UBIQUITINATION: This is the “Glass ceiling” of T4 monotherapy — in some patients, there is a biological limit on how much T3 they can get out of treatment with T4 thyroid hormone alone (Synthroid, levothyroxine).

Scientists recently explained how D2’s gene (DIO3) is inactivated by rising levels of T4:
“Although DIO2 expression is only weakly downregulated by T3, D2 activity is greatly decreased by T4 …
D2 protein and catalytic activity are lost upon interaction with T4 as a result of conjugation to ubiquitin. [‘ubiquitination”]
This explains why D2 exhibits a variable half-life that depends on whether its natural substrate T4 is available.
In the presence of T4, D2 is inactivated with an ~20-minute half-life,
whereas in the absence of T4 its half-life is prolonged to hours.

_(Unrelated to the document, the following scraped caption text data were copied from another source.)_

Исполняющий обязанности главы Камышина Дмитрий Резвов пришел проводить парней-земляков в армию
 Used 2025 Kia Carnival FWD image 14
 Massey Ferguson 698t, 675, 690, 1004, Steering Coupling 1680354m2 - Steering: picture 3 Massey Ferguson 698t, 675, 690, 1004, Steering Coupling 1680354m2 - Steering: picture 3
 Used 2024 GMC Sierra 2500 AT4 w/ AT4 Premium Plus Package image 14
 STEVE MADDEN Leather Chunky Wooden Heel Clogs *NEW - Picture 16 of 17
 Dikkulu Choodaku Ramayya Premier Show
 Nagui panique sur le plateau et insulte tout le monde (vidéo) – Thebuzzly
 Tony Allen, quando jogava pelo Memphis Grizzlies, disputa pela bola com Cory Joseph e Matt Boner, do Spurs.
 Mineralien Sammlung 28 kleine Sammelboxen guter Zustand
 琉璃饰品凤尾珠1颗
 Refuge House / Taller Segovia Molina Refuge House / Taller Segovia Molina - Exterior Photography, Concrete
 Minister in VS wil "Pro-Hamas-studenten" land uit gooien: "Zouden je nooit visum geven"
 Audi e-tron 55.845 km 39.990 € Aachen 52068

This provides a mechanism through which the production of T3 can be regulated according to the availability of T4.”
(Bianco et al, 2019)
This system of reducing T4-T3 conversion rate works well when you have a variable rate of thyroid gland T3 secretion that can compensate for lost D2 activity.
Unfortunately, the loss and of “UBIQUITINATION” of the enzyme Deiodinase type 2 (D2) means that a significant percentage of hypothyroid patients on the standard T4 therapy will live the rest of their lives with lower Free T3 levels in bloodstream.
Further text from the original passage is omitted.